[Opening Raw data section]
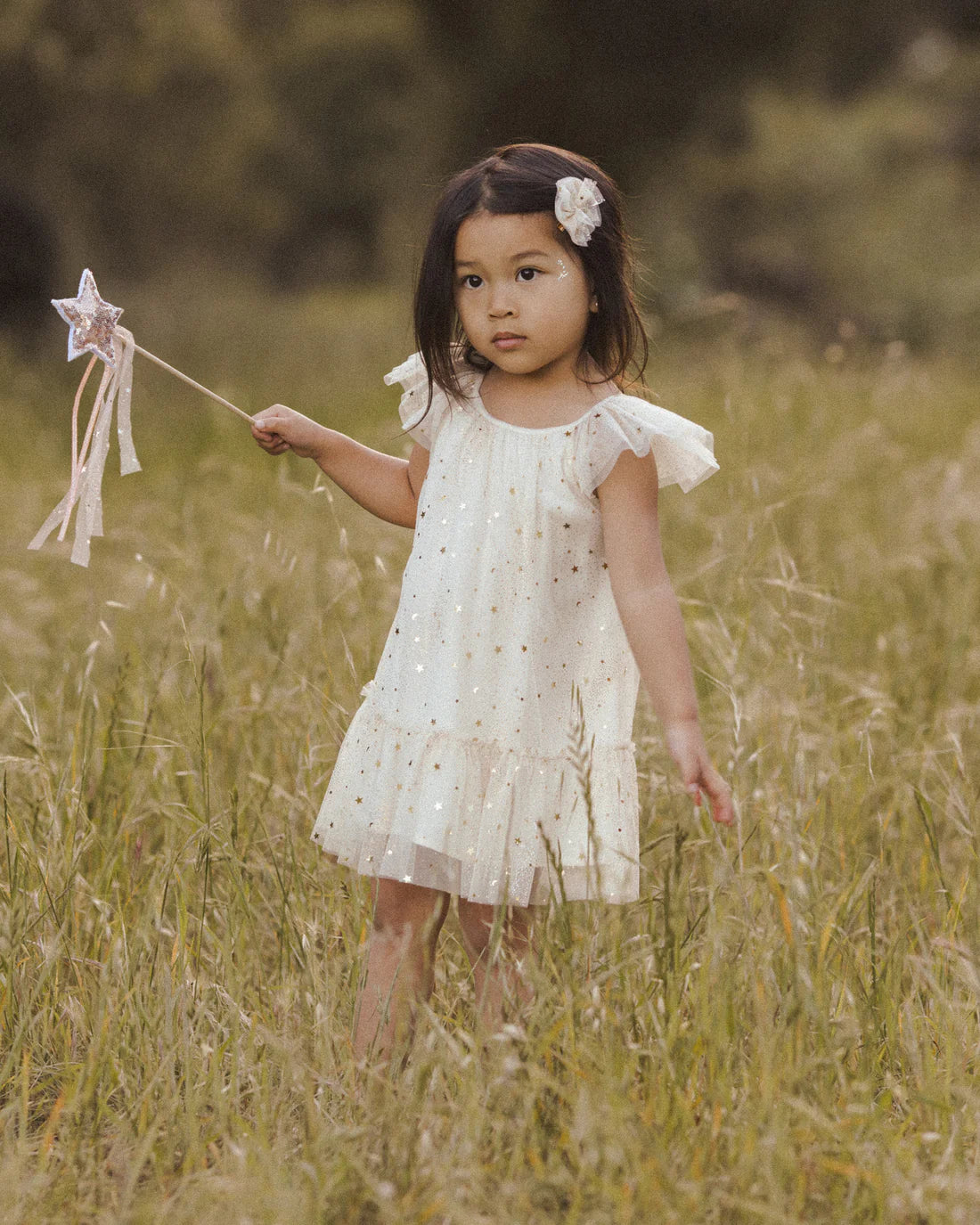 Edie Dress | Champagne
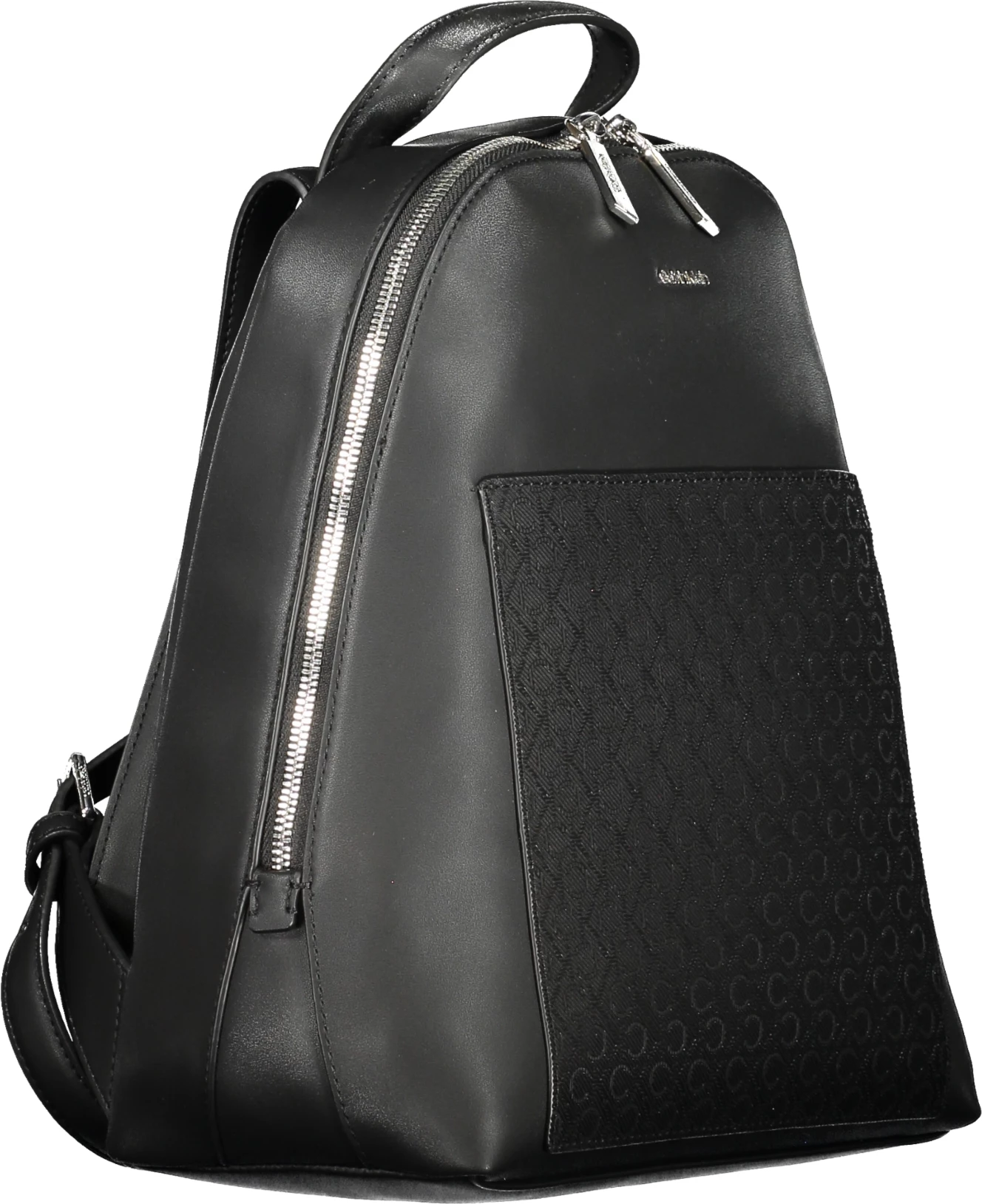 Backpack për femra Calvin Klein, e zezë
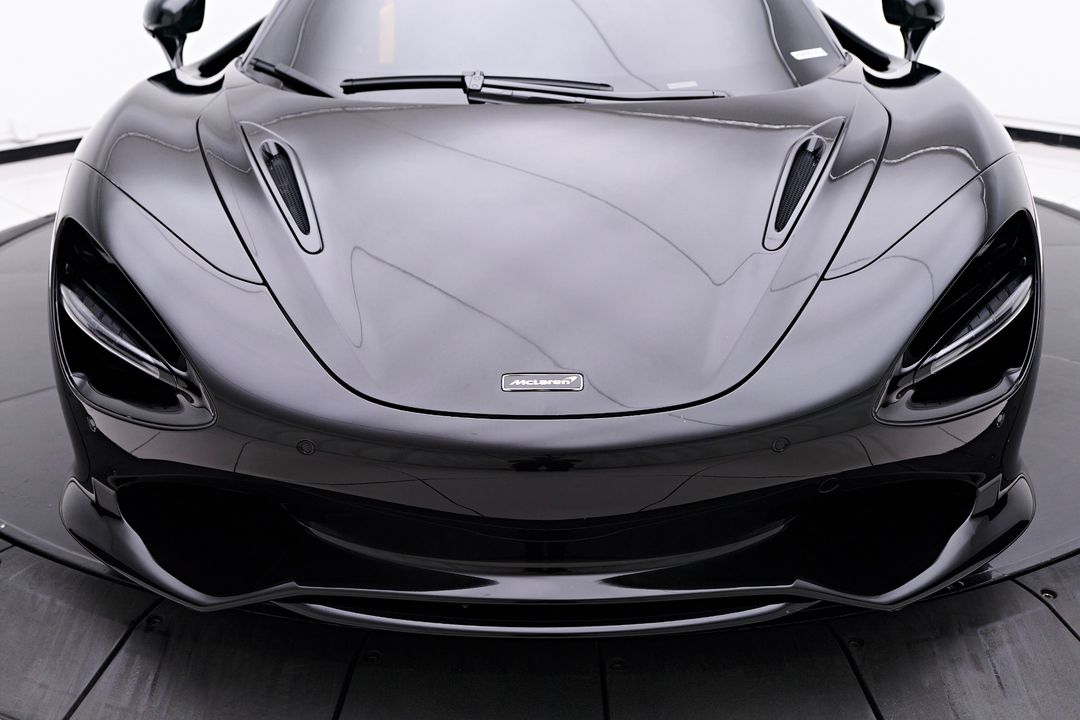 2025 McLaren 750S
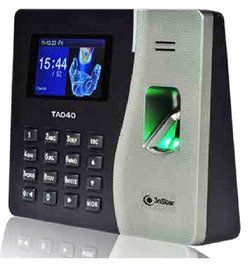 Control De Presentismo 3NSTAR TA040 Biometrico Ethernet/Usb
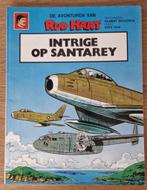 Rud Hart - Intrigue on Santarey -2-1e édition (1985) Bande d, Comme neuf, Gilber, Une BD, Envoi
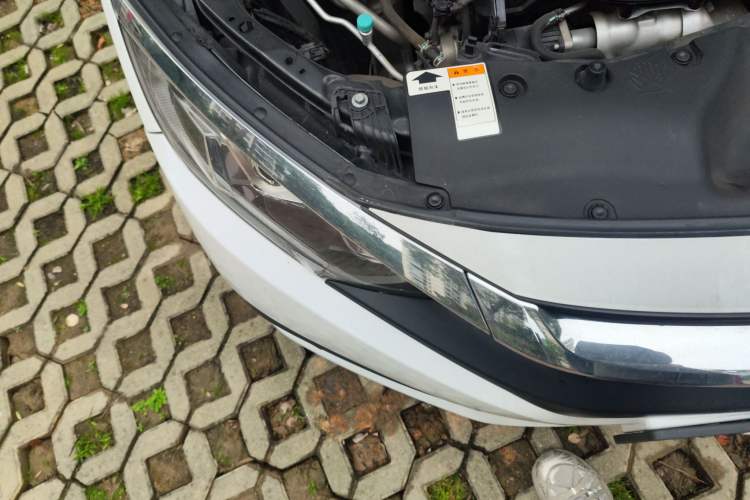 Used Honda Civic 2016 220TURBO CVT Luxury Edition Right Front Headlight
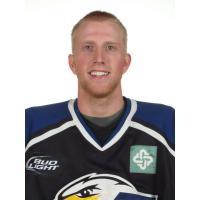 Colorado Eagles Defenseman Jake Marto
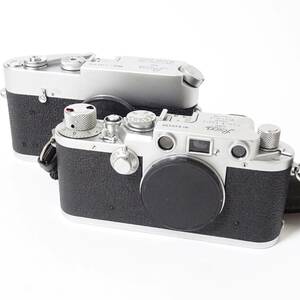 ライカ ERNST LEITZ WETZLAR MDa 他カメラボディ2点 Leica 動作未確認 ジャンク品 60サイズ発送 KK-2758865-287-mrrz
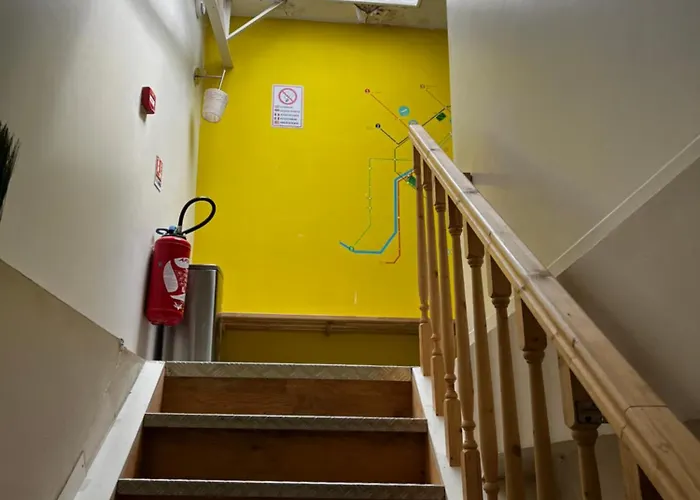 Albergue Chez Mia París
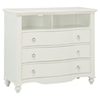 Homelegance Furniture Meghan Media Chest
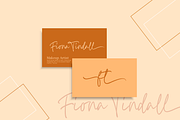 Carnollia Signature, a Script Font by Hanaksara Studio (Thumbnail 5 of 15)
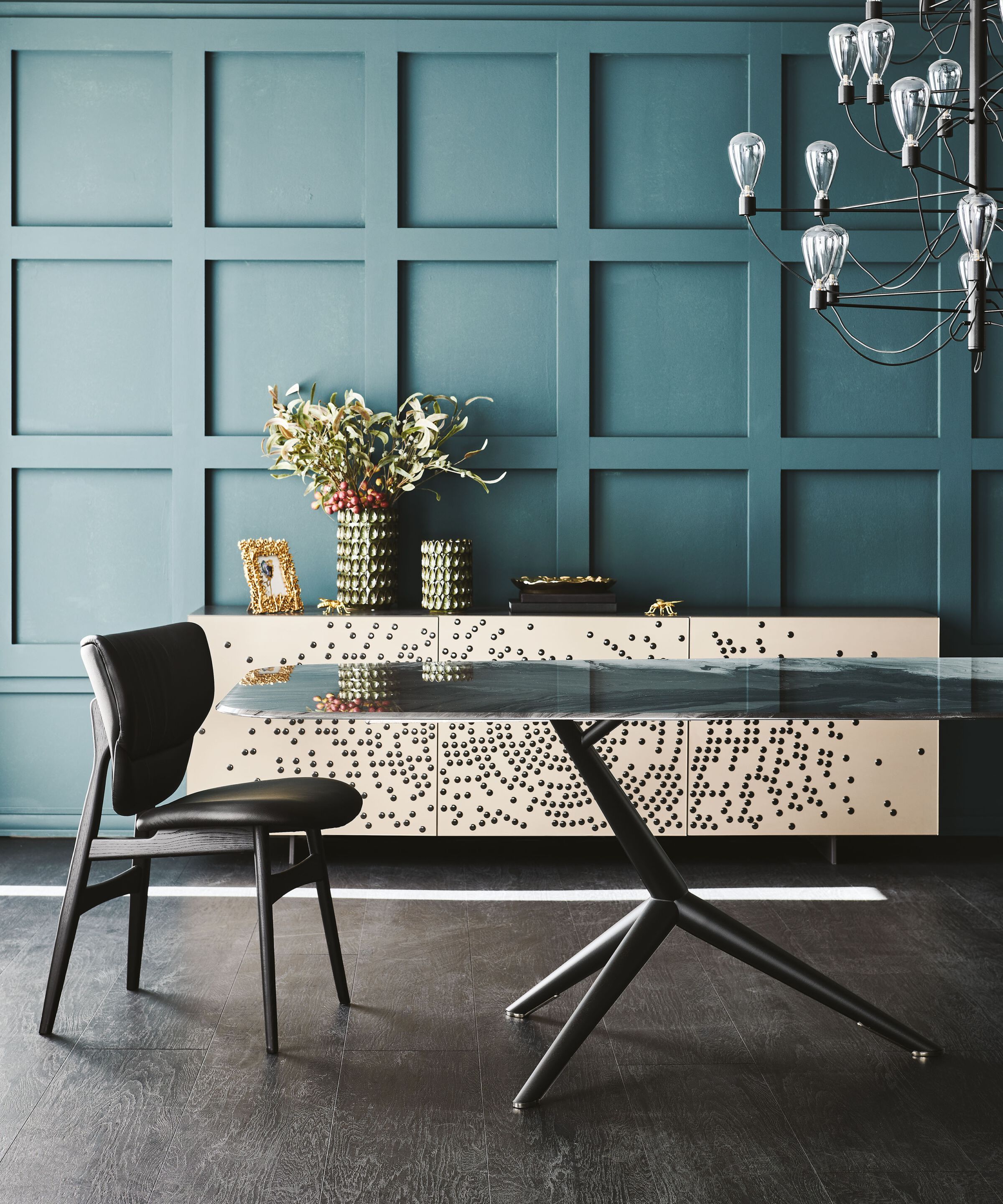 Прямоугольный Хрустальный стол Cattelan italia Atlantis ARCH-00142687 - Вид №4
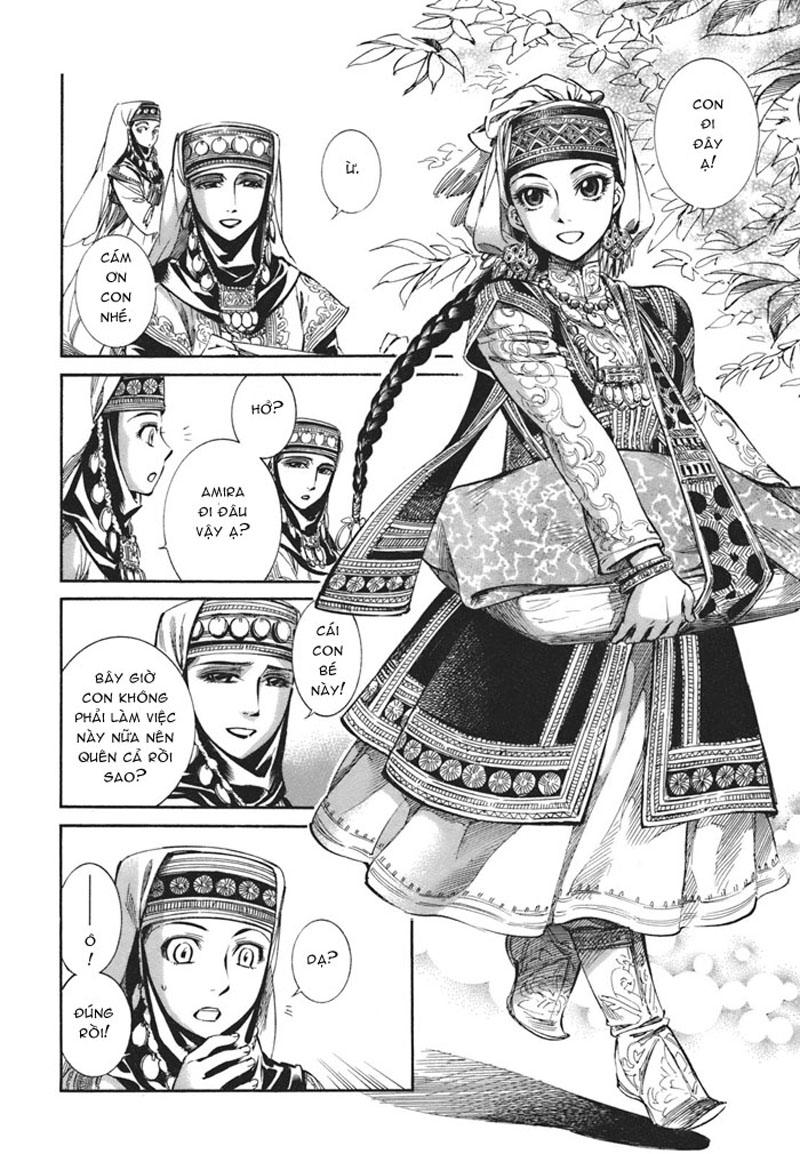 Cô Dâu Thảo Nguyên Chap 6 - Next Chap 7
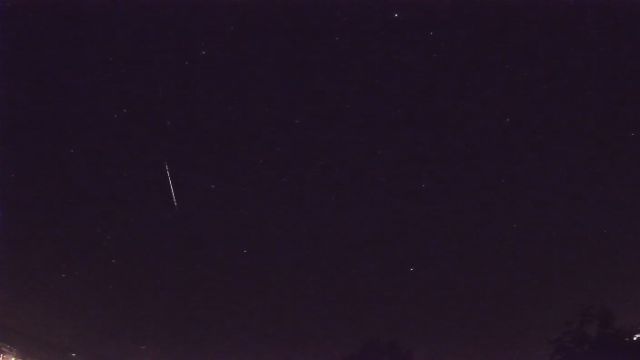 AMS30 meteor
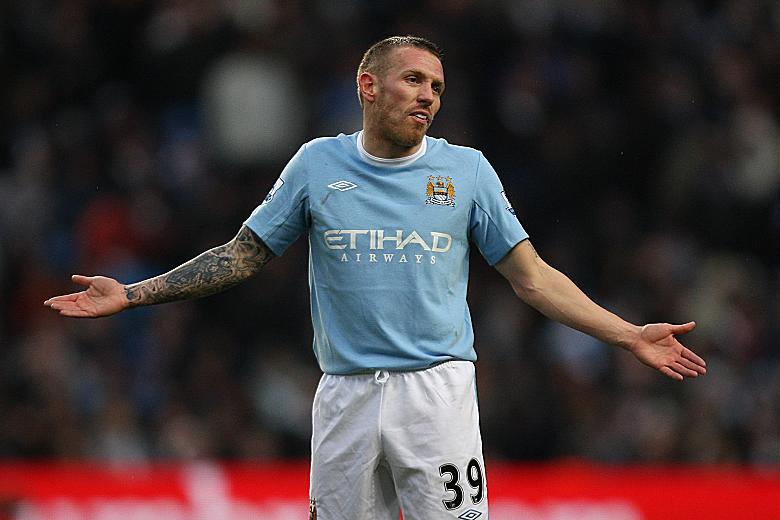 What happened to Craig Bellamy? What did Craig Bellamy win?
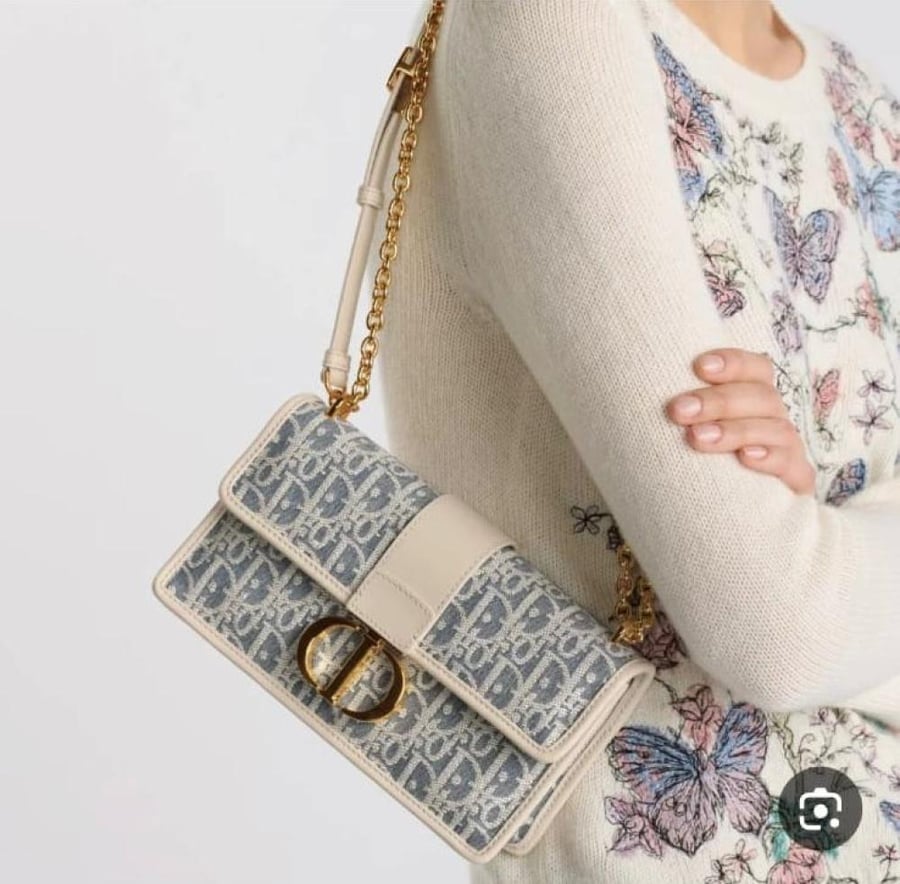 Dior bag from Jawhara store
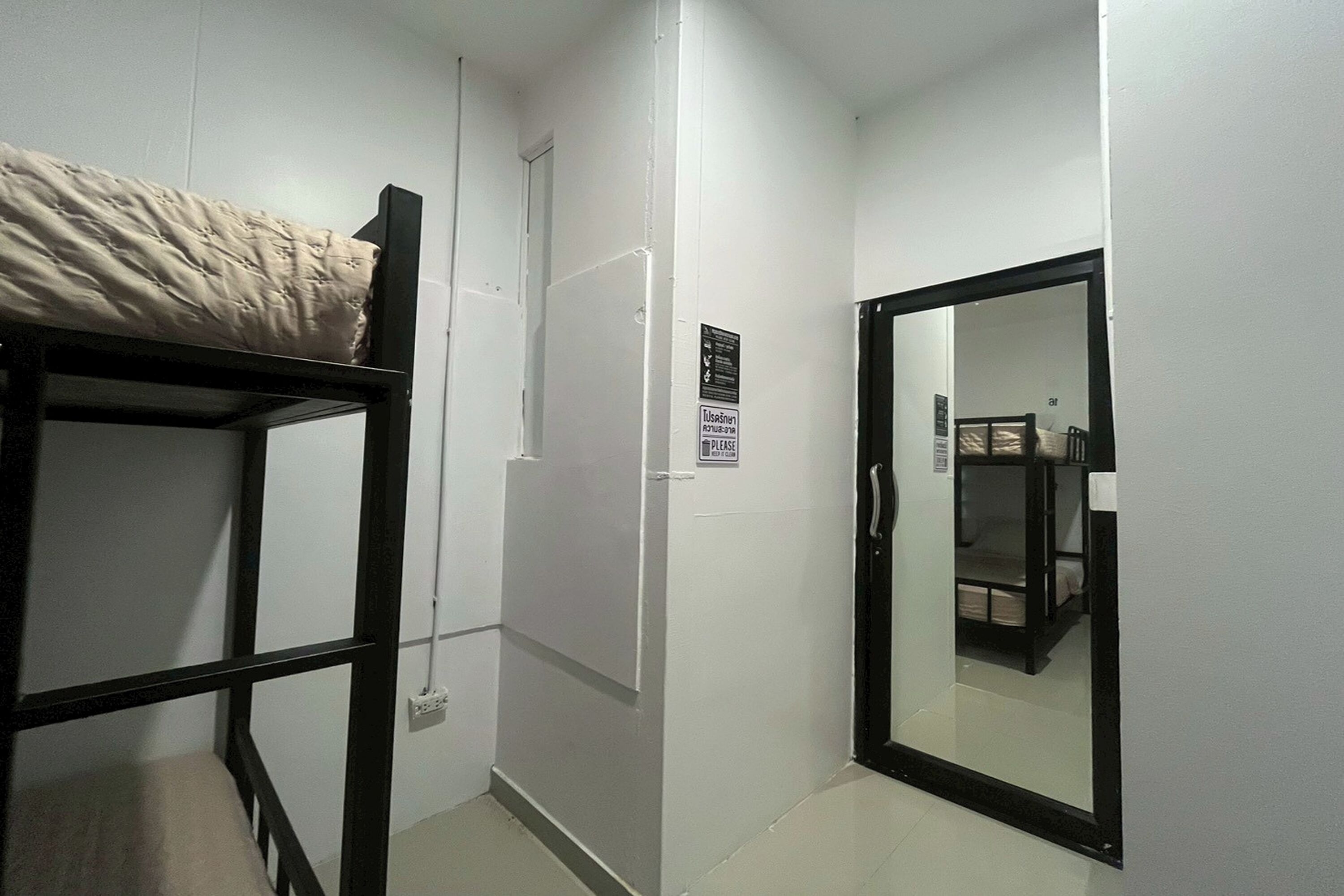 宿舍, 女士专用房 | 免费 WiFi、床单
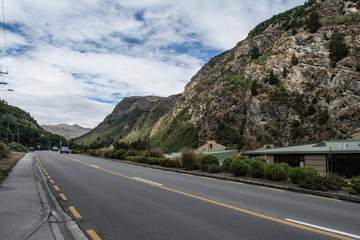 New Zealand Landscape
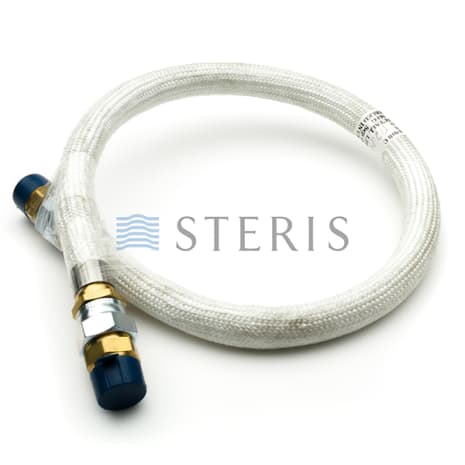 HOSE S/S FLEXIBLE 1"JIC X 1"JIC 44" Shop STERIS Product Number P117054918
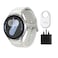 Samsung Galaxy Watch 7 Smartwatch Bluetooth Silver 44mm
[Closing Raw data section]
Required action
Everything in the listing above must be retyped exactly, except for the pictures.

Output below
 Edie Dress | Champagne
 Backpack për femra Calvin Klein, e zezë
 2025 McLaren 750S
 Control De Presentismo 3NSTAR TA040 Biometrico Ethernet/Usb
 Rud Hart - Intrigue on Santarey -2-1e édition (1985) Bande d, Comme neuf, Gilber, Une BD, Envoi
 Used Honda Civic 2016 220TURBO CVT Luxury Edition Right Front Headlight
 Colorado Eagles Defenseman Jake Marto
 ライカ ERNST LEITZ WETZLAR MDa 他カメラボディ2点 Leica 動作未確認 ジャンク品 60サイズ発送 KK-2758865-287-mrrz
 Albergue Chez Mia París
 Homelegance Furniture Meghan Media Chest
 Carnollia Signature, a Script Font by Hanaksara Studio (Thumbnail 5 of 15)
 Прямоугольный Хрустальный стол Cattelan italia Atlantis ARCH-00142687 - Вид №4
 Cô Dâu Thảo Nguyên Chap 6 - Next Chap 7
 AMS30 meteor
 What happened to Craig Bellamy? What did Craig Bellamy win?
 Dior bag from Jawhara store
 宿舍, 女士专用房 | 免费 WiFi、床单
 New Zealand Landscape
 HOSE S/S FLEXIBLE 1"JIC X 1"JIC 44" Shop STERIS Product Number P117054918
 Samsung Galaxy Watch 7 Smartwatch Bluetooth Silver 44mm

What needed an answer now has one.